Ahí están. Dispuestas a ser
adquiridas, ocupadas, habitadas por nosotros. Hasta que llega ese momento
mágico, las casas son hojas en blanco donde todo está por escribir. Hermosas
libretas de papel impecable, sin trazos, que esperan una historia.
Proyecto de David Kohn Architects La inteligencia de este
trabajo y la sensibilidad para adecuarlo a la estética del barrio le han valido
el reconocimiento al mejor diseño del pasado año del Festival Inside, del Reino
Unido. Fotografías publicadas en Casa Viva 202, cortesía de la revista.
Giramos la llave y entramos en la
casa. Desde el momento en que ponemos un pie en ella ya no hay vuelta atrás.
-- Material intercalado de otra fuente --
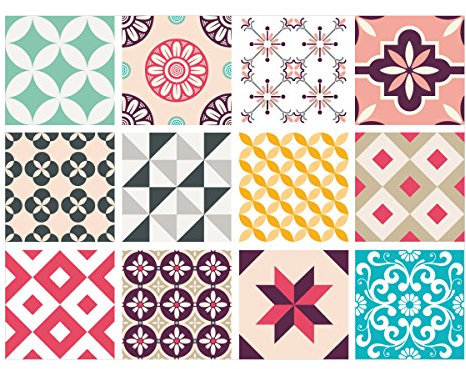 | Sticker Carrelage | Planche de 12 Stickers Autocollants Adhesifs Carrelage - Carreaux de Ciment - Crazy Color - Dimensions d'un Sticker : 10 x 10 cm - Salle de Bains Cuisine Meubles ...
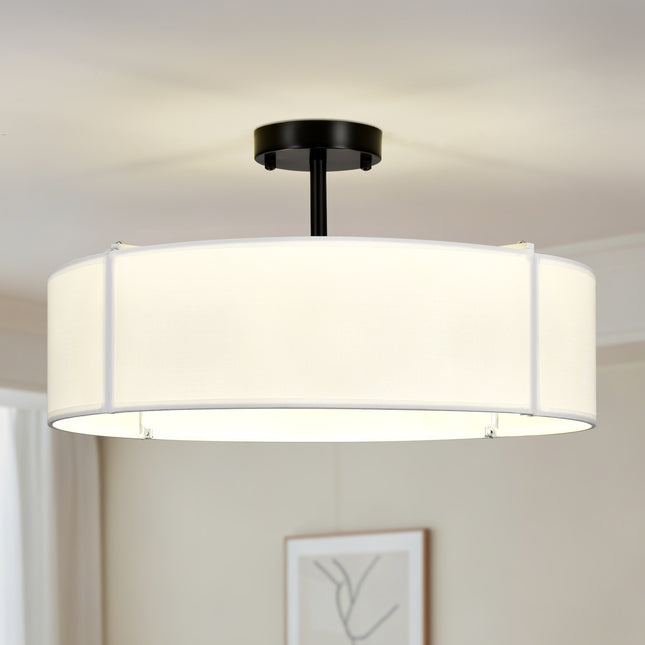 2-in-1 Black 5-Light Fabric Drum Light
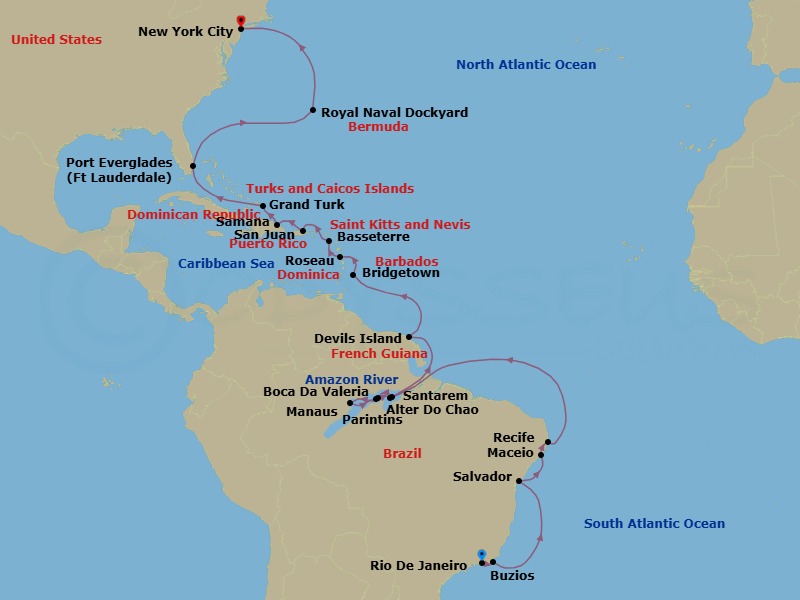 33 Night - The Americas & Caribbean - Crystal Symphony - Starting in Rio De Janeiro, Buzios, Brazil, Salvador De Bahia, Maceio, Recife, Santarem, Boca Da Valeria, Manaus / Amazon, Parintins, Alter Do Chao, Iles du Salut (Devils Island), Bridgetown, Roseau, St Kitts (Basseterre), San Juan, Samana, Grand Turk, Fort Lauderdale, Royal Naval Dockyard, New York itinerary map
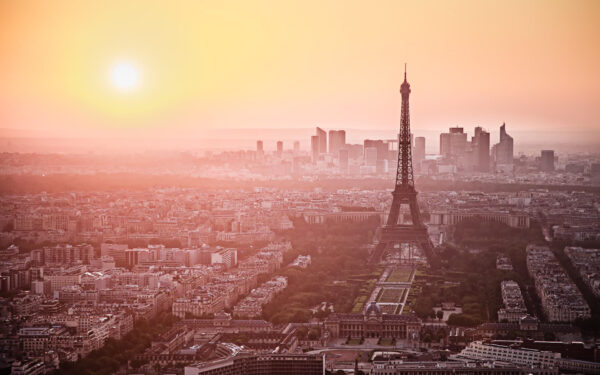 Wallpaper Sunset, Skyline, Paris
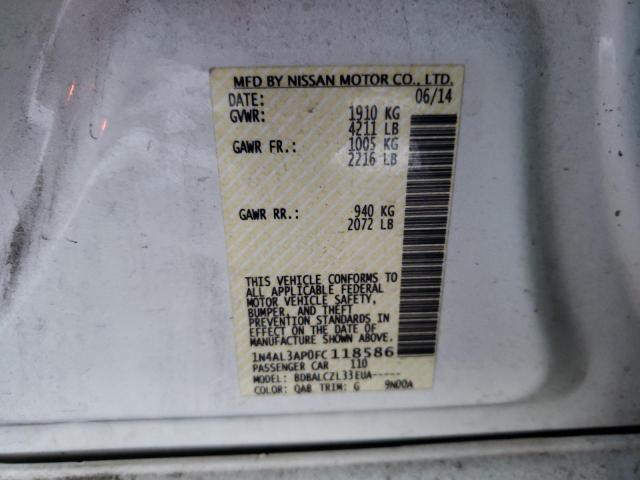 1N4AL3AP0FC118586 Nissan ALTIMA 2.5
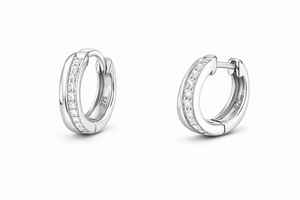 Pendientes de Aro Minimalistas de Plata de Ley 925 con Piedra de Circonita Cúbica, Pendientes de Plata Maciza de Moda, Venta al por Mayor OEM - Product Image 2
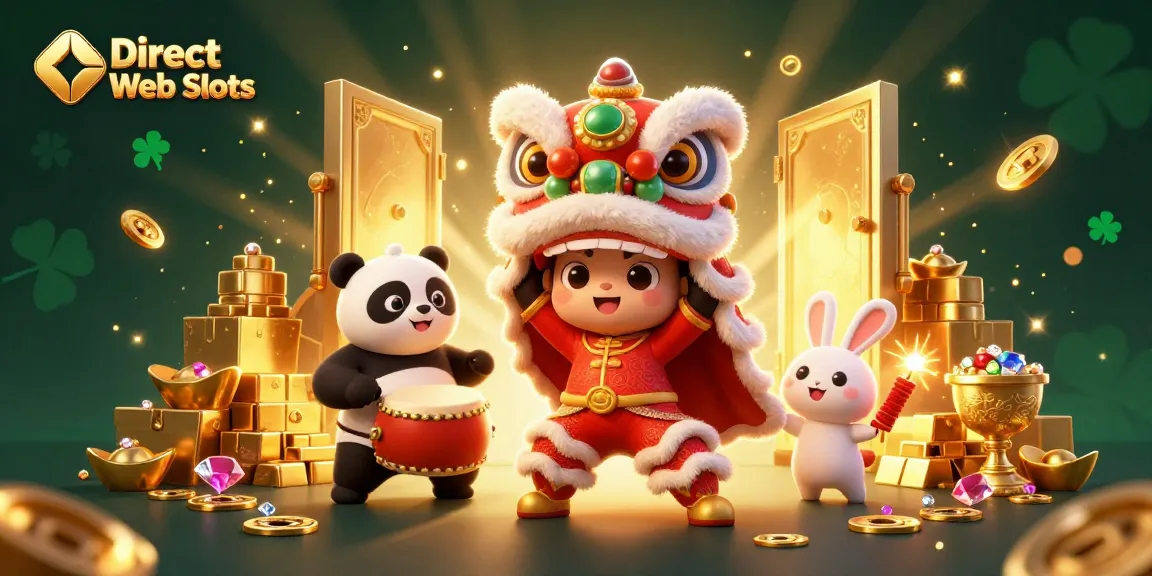 Engage with Direct Web Slots in an exciting 3D illustration showcasing a dynamic lion dance and treasure elements.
Empezamos a escribir con renglones rectos y letra diminuta que poco a poco va
acumulando frases con sentido, diálogos ingeniosos y capítulos completos de la
vida. Inevitablemente los asépticos contenedores que antes sólo articulaban
volúmenes y luz se empiezan a llenar de palabras en forma de objetos que entran
y salen, cacharros, alimentos, ropa, niños, gadgets, libros nuevos y diarios
viejos.
Todo lo que compone el infinito léxico del hogar se acumula
lentamente y transforma su aspecto en un “tempo” que no es el nuestro, porque
seguramente la casa nos sobrevivirá pero, por cortesía, se amolda mucho al ritmo
de una generación.
Como las libretas de viajes que
se llenan de fotos, recuerdos y entradas de museos, la casa se va cargando
lentamente hasta que adquiere un poso inapreciable pero que, en el fondo, nos
hace sentir bien. En la habitación del hotel, impávida ante las emociones de
quienes pasamos allí una noche, añoramos las sensaciones de nuestra casa.
Cuando volvemos después de unos días fuera sentimos una gratificación física
inexplicable. Decimos: al fin en casa o como en casa en ningún sitio, y nos
arrellanamos en el sofá como si fuera el regazo de nuestra madre a la hora de
merendar.
Ese misterio de la casa como
espacio protector es algo tan valioso que, a veces, ni siquiera le damos la
importancia que se merece, pero todos coincidimos en disfrutar esa sensación y
no hay injusticia más grande que no poder hacerlo.
No existe una casa ideal sino
aquella que cada uno conoce como propia y donde se siente como persona. Por eso
me gusta que el tiempo deje marcas en las viviendas, como lo hace en las
personas. Las arrugas en la cara son las huellas de nuestra historia. Las
grietas y los despintados, los agujeritos sin tapar y las leves manchas de
humedad son las arrugas de la casa, las que no puede prever el arquitecto, las
que nos recuerdan que ésta nos espera por mucho que tardemos en volver. Tal vez
algún día las viviendas vengan con grietas de autor, como los tejanos se venden
con remiendos “customizados”. Grietas y fisuras preciosas realizadas con la mano maestra de arquitectos que se adelantan al tiempo y nos proponen espacios "ya vividos".
Mientras esperamos nuestras huellas
nos parecen entrañables porque hacen el espacio más humano y aunque nos pasamos
muchas horas luchando contra el desgaste propio y el de nuestra casa, a base de
cosmética y bricolage, un poco de edad no le hace daño. Al contrario, saber envejecer añadiendo capas de interés puede ser una
virtud a valorar en el momento de juzgar un espacio.